Monday, June 25, 2012

Asinine Kotaku preview

"I Have No Idea What’s Going On In This Game, But I’m Fascinated."

Geez, if there's a thing I hate with any game is when I don't get what's going on.
But this Kotaku chick (Tina Amini) is mesmerized because she doesn't understand anything of what's happening in Candle's trailer! Oh... that's the power of indie, of highbrow mysticism. It's unintelligible, but there's palpable profound meaning in it (winning keyword in game design circles), she can feel it. She supposes that the game is incredibly deep, full of said meaning and hinges on a powerful concept. She knows it can only be that good because it leaves her on her knees. In fact she already thinks it IS that good. The logical conclusion is that what she has witnessed is the work of art of a purely superior meta-smart mind. The Kotaku girl is most likely already too smart because she automatically likes this game - see the phenomenon of raising one-self's prestige by pedantically lauding what has to be a genuine gracious manifestation of the God of Games, of such pure obvious value, that there's no chance people would say it's shit without being called punks for not understanding how it clearly is a magnificent product, nevermind if all of us, the lowly ones, cannot get it, because the meaning is most necessarily impenetrable.
It is quite baffling that such an ego-driven alter-elitist would not want to play the pretense game and try to impress people about what is going on. But in this case the imbecile doesn't even try. In a way, it's so surprising and touching, perhaps even alarming, that you'd want to gently poke the girl with your elbow and tell her that she should really try to act as if she knew what she was dealing with.
But not this time. It's so honest, I'm disarmed.
She really doesn't grasp anything, but that surely must be the sign of a fascinating game!



I love a game that encourages exploration, particularly if it intends to freak you out while you do so. The creepy trailer raises some serious questions, though. Like what the hell is happening at the 1:03 time mark?!

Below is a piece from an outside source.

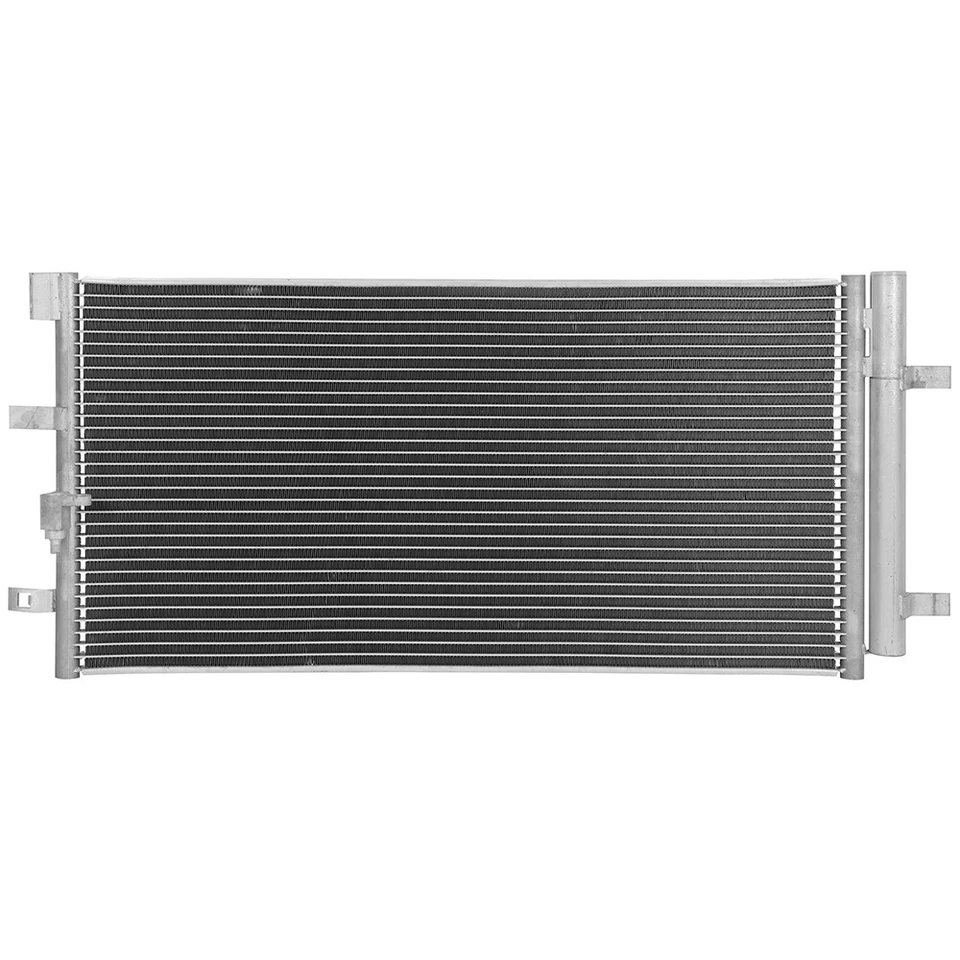 For 2012 2013 2014 2015 Audi A7 Quattro 2009-2016 Audi A4 Aluminum AC Condenser Foto 2 de 4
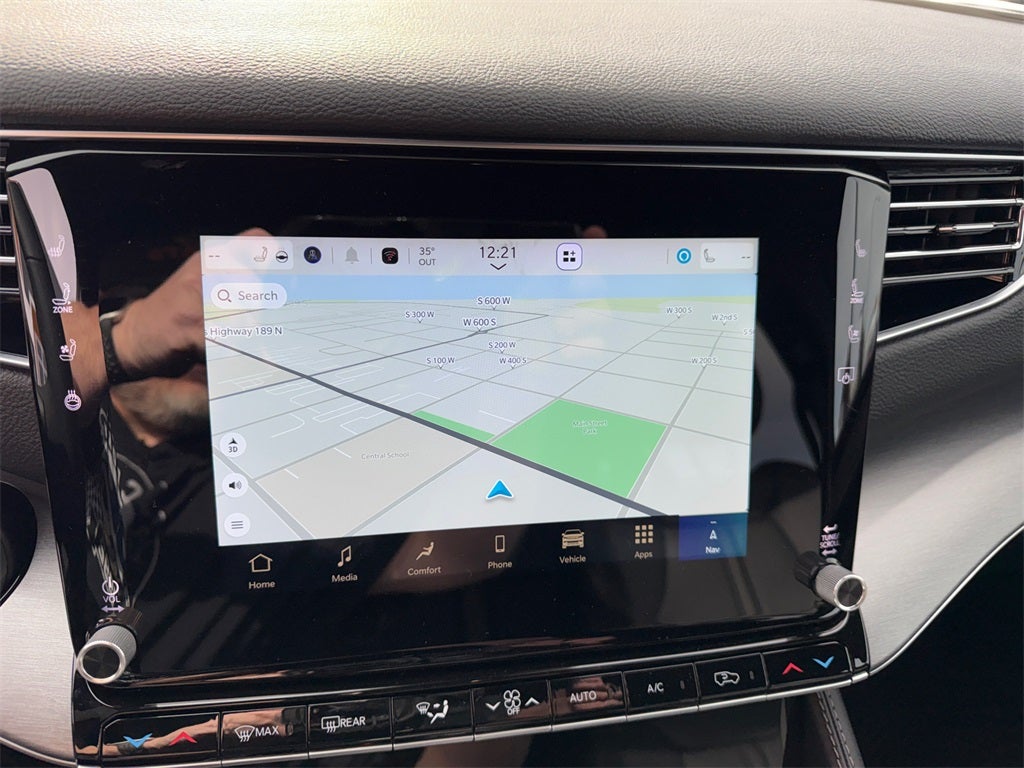 2025 Jeep Wagoneer Series II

Not overdoing it at all! Yeah, she really looooooves a game that encourages exploration. Like, you know, the vast majority of games do, even if it's the exploration of the mechanics, the story or the world.
And how the heck does it raise "serious questions"?
She doesn't even know what is the meaning of what she has seen (some kind of ninja fist fu**ing perhaps?), but she's already fascinated by the game???
o_O

I put "preview" in the title but it feels like it already was a review, the kind Leigh Alexander produces, you know : small, pompous and useless.